* **Task**
Could each entry below be printed again exactly as given?

----- Given records -----

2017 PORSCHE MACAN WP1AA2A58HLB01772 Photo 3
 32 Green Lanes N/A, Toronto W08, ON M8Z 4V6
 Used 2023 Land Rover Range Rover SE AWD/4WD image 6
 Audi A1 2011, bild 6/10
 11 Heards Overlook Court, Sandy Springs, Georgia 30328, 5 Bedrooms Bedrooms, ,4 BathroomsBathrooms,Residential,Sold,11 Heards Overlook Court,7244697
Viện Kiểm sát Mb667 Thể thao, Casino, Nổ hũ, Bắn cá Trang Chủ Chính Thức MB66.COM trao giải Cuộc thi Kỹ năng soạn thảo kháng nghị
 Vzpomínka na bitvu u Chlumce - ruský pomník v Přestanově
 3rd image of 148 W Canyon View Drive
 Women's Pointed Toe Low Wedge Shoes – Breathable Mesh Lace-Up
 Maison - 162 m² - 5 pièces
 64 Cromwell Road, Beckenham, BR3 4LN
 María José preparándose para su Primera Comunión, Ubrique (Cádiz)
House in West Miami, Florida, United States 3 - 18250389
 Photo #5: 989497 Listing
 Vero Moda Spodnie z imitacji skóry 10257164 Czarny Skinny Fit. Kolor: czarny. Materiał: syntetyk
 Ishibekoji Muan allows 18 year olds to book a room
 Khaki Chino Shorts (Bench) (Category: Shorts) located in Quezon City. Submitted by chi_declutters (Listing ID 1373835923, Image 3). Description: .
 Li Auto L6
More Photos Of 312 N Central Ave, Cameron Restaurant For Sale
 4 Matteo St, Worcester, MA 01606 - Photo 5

-----

* **Exercise answer**
2017 PORSCHE MACAN WP1AA2A58HLB01772 Photo 3
 32 Green Lanes N/A, Toronto W08, ON M8Z 4V6
 Used 2023 Land Rover Range Rover SE AWD/4WD image 6
 Audi A1 2011, bild 6/10
 11 Heards Overlook Court, Sandy Springs, Georgia 30328, 5 Bedrooms Bedrooms, ,4 BathroomsBathrooms,Residential,Sold,11 Heards Overlook Court,7244697
Viện Kiểm sát Mb667 Thể thao, Casino, Nổ hũ, Bắn cá Trang Chủ Chính Thức MB66.COM trao giải Cuộc thi Kỹ năng soạn thảo kháng nghị
 Vzpomínka na bitvu u Chlumce - ruský pomník v Přestanově
 3rd image of 148 W Canyon View Drive
 Women's Pointed Toe Low Wedge Shoes – Breathable Mesh Lace-Up
 Maison - 162 m² - 5 pièces
 64 Cromwell Road, Beckenham, BR3 4LN
 María José preparándose para su Primera Comunión, Ubrique (Cádiz)
House in West Miami, Florida, United States 3 - 18250389
 Photo #5: 989497 Listing
 Vero Moda Spodnie z imitacji skóry 10257164 Czarny Skinny Fit. Kolor: czarny. Materiał: syntetyk
 Ishibekoji Muan allows 18 year olds to book a room
 Khaki Chino Shorts (Bench) (Category: Shorts) located in Quezon City. Submitted by chi_declutters (Listing ID 1373835923, Image 3). Description: .
 Li Auto L6
More Photos Of 312 N Central Ave, Cameron Restaurant For Sale
 4 Matteo St, Worcester, MA 01606 - Photo 5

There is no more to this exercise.